То же самое подумал я тогда, в лесу, про Апельсин, собственно, это и был Апельсин, только забравшийся в металлический корпус, спрятавшийся в удобную для восприятия оболочку. И все чудеса совершал он, мое же изобретение ограничивалось дизайном – ведь вся многокнопочная автоматика оказалась в общем почти бутафорией. В зависимости от пожеланий трудящихся Апельсин легко мог обратиться волшебной палочкой, рогом изобилия, золотой рыбкой или, наконец, просто скромным химическим реактором величиной с дом. Но он обернулся сибром.

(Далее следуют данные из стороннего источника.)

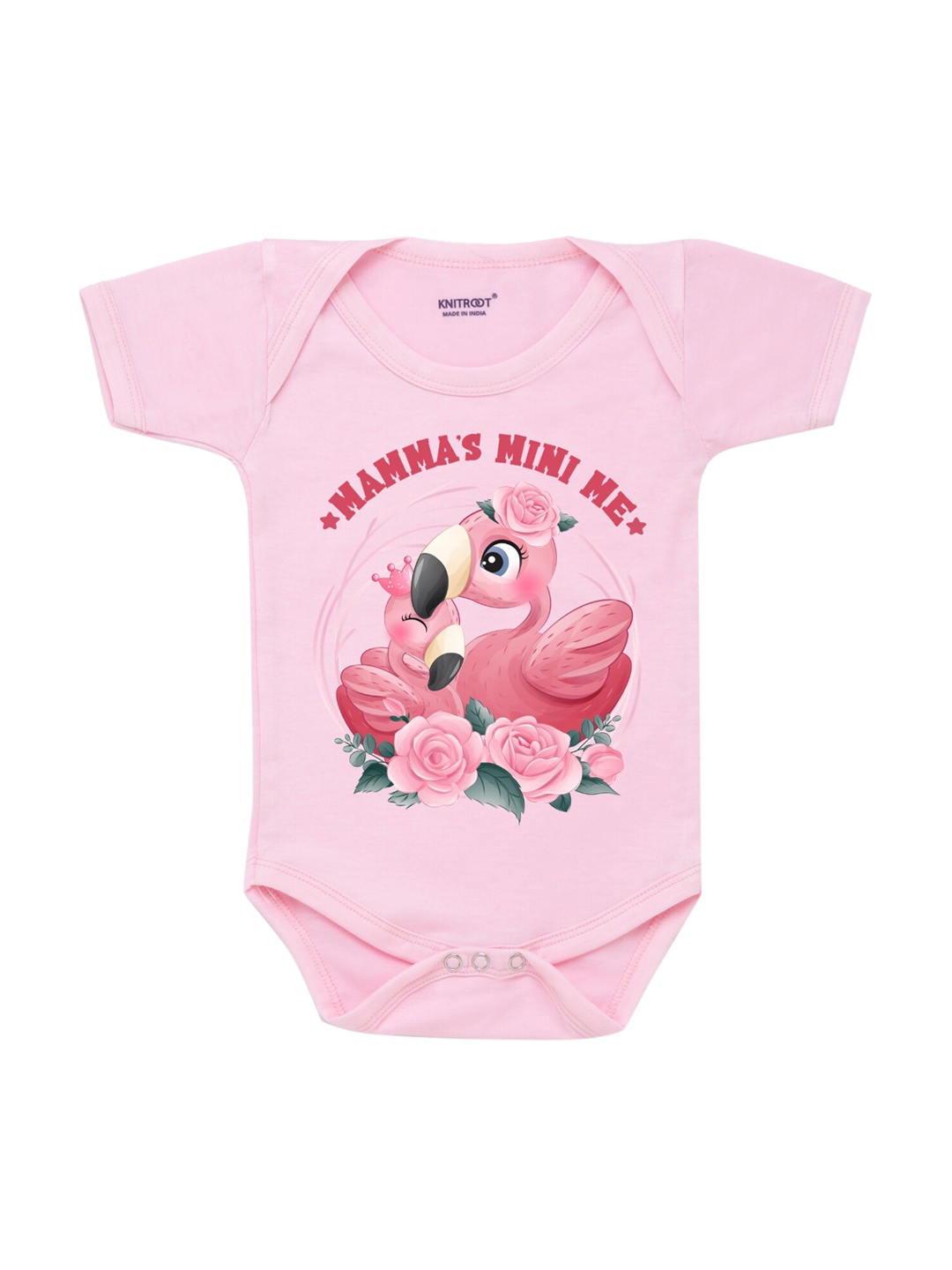 

KNITROOT Infant Kids Pink & Green Mamma Mini Printed Bodysuit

Признаться, первым желанием, когда мы вскрыли сибр, было у меня вновь коснуться апельсиновой массы, убедиться, что она такая же теплая и упругая, и я уже протянул руку, но замер, остановленный Ленкиным шепотом: «Витька, он живой!» А если живой, имею ли я право трогать его? Я смотрел на оранжевую, ровную, чуть прозрачную поверхность и поеживался, словно по спине у меня вновь, как тогда в лесу, побежали холодные струйки. А в голове стучало еще одно внезапно вспомнившееся слово контакт. И от него бросало в озноб. Да, я, конечно, понимал, что сибры сварганил для меня некто. Но он был и пропал, этот оранжевый шарик, и я перестал о нем думать. Видимо, человеческий мозг подсознательно отбрасывает то, чего не в силах понять. А вполне земная, вполне человеческая игрушка – сибр – была куда как интереснее. И вот теперь оказалось, что сибр и Апельсин – одно и то же.

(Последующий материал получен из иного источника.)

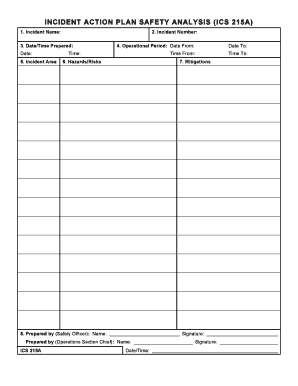 Ics form 203 - Hazards/Risks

Это было открытие. И это было потрясение.
Потребовалось двадцать минут на дремучие рассуждения о кибернетике, биологии и физике с безграмотными выводами о возможной природе Апельсина, еще десять – на чисто логические выкладки по поводу вероятных последствий и, наконец, полчаса – на возвышенную дискуссию об этике контакта и моральном облике человечества, которое мы представляем, прежде чем я сказал:
– Да ну тебя, Ленка!
И взял половинку сибра руками. А дальше – лиха беда начало! – остановиться мы уже не могли. Из четвертушки оранжевую массу вытряхнуть не удалось, зато из осьмушки, в которой не было кнопок, она выскочила сама собой и довольно быстро свернулась в идеальный шарик. Свойство оранжита – так с Ленкиной легкой руки стали мы называть апельсиновую массу – образовывать фигуры с минимальной поверхностью мы обнаружили еще на четвертушке, когда острая грань начала округляться прямо на глазах. Далее выяснились следующие свойства. Оранжит, извлеченный из сибра, имел комнатную температуру.